El sexo y la muerte. Su estrecha connivencia se me apareció por primera vez gracias a los propósitos de Samuel Gloaming, viejo original, herborista de su estado, con el que me gustaba ir a charlar algunas tardes en York, en su tienda llena de animales disecados y hierbas secas. Había reflexionado toda su vida sobre los misterios de la Creación. Me explicaba que la vida se había pulverizado en una infinidad de individuos más o menos diferentes unos de otros para tener igualmente un número de infinitas posibilidades de sobrevivir a las infidelidades del medio. Si la tierra se enfría y se convierte en un banco de hielo o si, por el contrario, el sol hace de ella un desierto de piedra, la mayoría de los seres vivos perecerían, pero gracias a su variedad habrá siempre un determinado número de ellos que gracias a cualidades especiales serán aptos para adaptarse a las nuevas condiciones exteriores. De esta multiplicidad de individuos se derivaría, según él, la necesidad de la reproducción, es decir, el paso de un individuo a otro más joven, e insistía en que el individuo era así sacrificado a la especie, sacrificio consumado secretamente en el acto de la procreación. De este modo la sexualidad era, decía, la presencia viva, amenazadora y mortal de la misma especie en el interior del individuo. Procrear es provocar la siguiente generación que inocente, pero inexorablemente, lanza a la anterior hacia la nada. Apenas los padres dejan de ser indispensables, se hacen ya inoportunos. El niño arrumba a sus genitores con la misma naturalidad con la que aceptó de ellos todo lo que necesitaba para desarrollarse. A partir de todo esto resulta verdad que el instinto que inclina a los sexos, el uno hacia el otro, es un instinto de muerte. Pero la naturaleza ha creído que tenía que ocultar su juego -un juego, sin embargo, transparente-. Aparentemente es un placer egoísta el que persiguen los amantes, incluso cuando caminan por la senda de la abnegación más enloquecida.

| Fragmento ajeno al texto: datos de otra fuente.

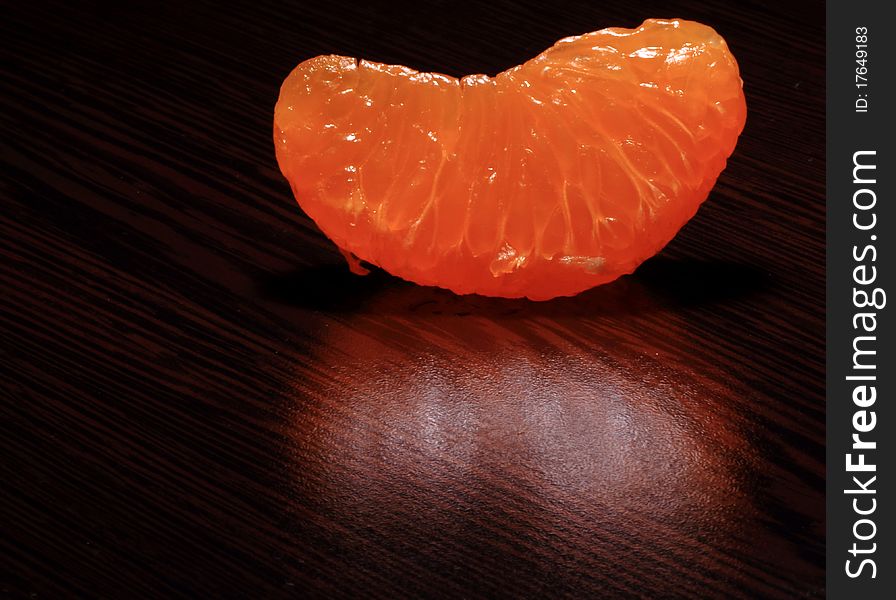 A peeled Tangerine segment on a dark brown wood table. A peeled Tangerine segment on a dark brown wood table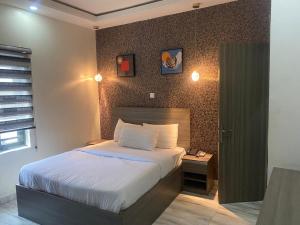 Ένα ή περισσότερα κρεβάτια σε δωμάτιο στο House 32 Hotels and Suites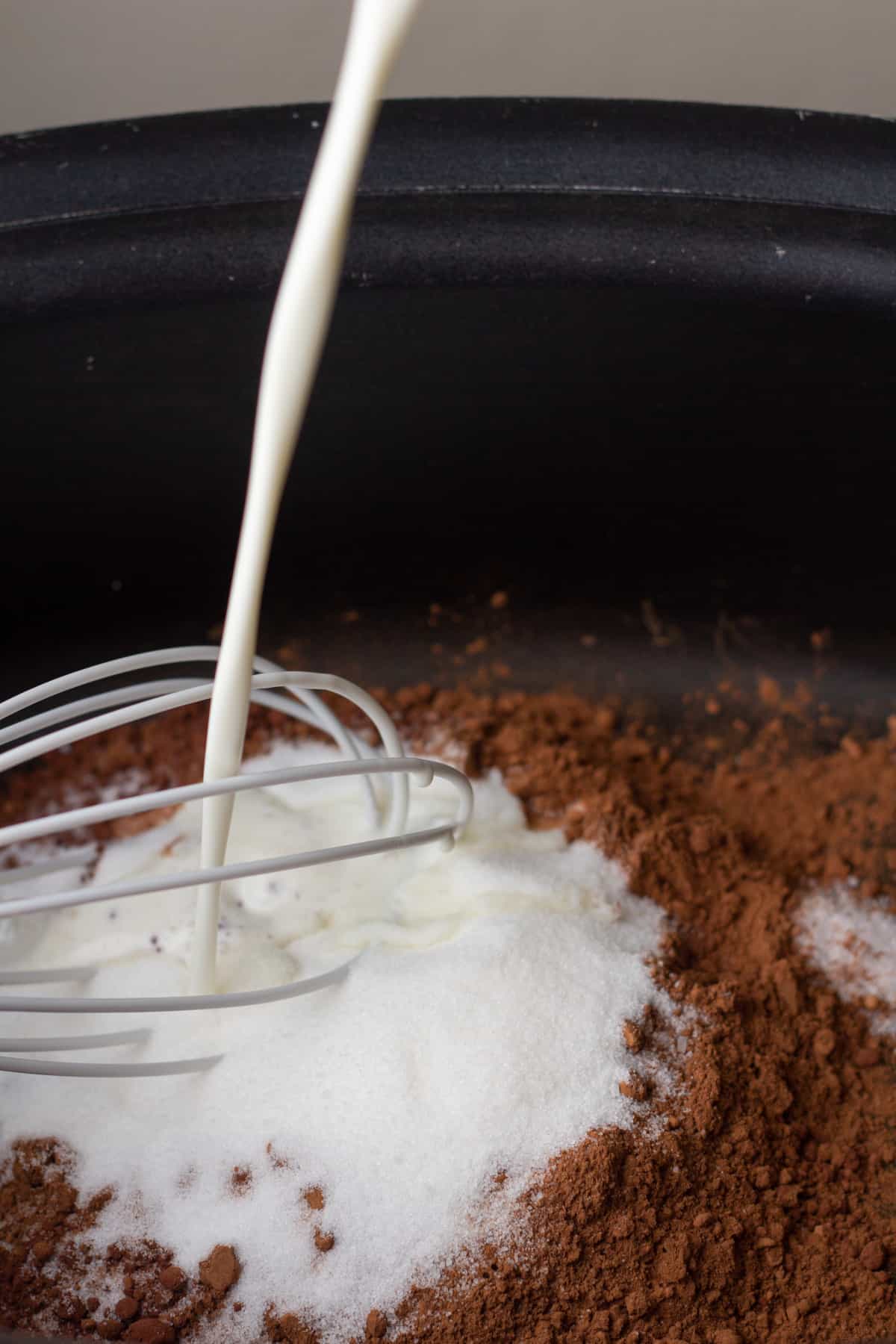 Whisking milk into a crockpot of hot cocoa ingredients including cocoa powder and sugar.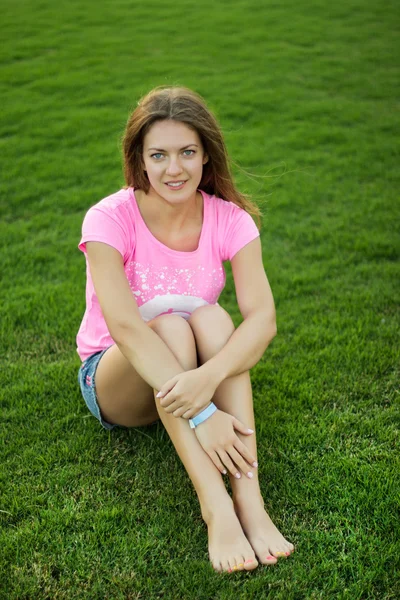 Bir kız çimlerde oturuyor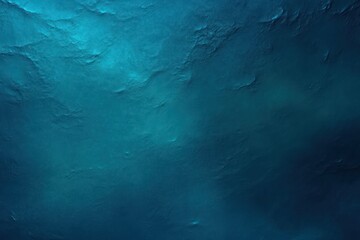 Underwater scene showing deep blue ocean water with subtle light rays and textured water surface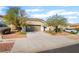 Charming single-story home featuring a desert landscape, a two-car garage, and a concrete driveway at 925 Crescent Falls St, Henderson, NV 89011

Me encontraba sumergido en estas reflexiones cuando tuve la ocasión de atravesar una provincia de Irlanda del Norte que acababa de sufrir una hambruna terrible. Los supervivientes vagaban por las callejas de las aldeas como fantasmas esqueléticos y se amontonaban los muertos en piras para destruir con ellos los gérmenes de las epidemias, más temibles aún que la escasez. La mayoría de los cadáveres eran del sexo masculino -hasta tal punto es cierto que las mujeres soportan mejor que los hombres la mayoría de las pruebas- y todos proclamaban la misma lección paradójica: en aquellos cuerpos consumidos por el hambre, vaciados de su sustancia, reducidos a maniquíes de cuero y tendones de terrorífica sequedad, el sexo -y sólo él- florecía monstruosamente, cínicamente, más hinchado, más turgente, más musculoso, más triunfante que jamás, sin duda, lo había sido nunca, antes, cuando aquellos miserables estaban vivos. Aquella fúnebre apoteosis de los órganos de la generación arrojaba una extraña luz sobre las razones de Gloaming. Imaginé inmediatamente un debate dramático entre aquella fuerza de vida -el individuo- y aquella fuerza de muerte: el sexo. De día, el individuo tenso, elevado, lúcido rechaza lo indeseable, lo reduce, lo humilla. Pero a merced de las tinieblas, de una debilidad, del calor, del atontamiento, de ese atontamiento localizado: el deseo, el enemigo abatido se reconstruye, afina su espada, simplifica al hombre, hace de él un amante al que sumerge en una agonía pasajera; luego le cierra los ojos y el amante se entrega a la pequeña muerte; es un durmiente, acostado sobre la tierra, flotando en las delicias del abandono, de la renuncia a sí mismo, de la abnegación.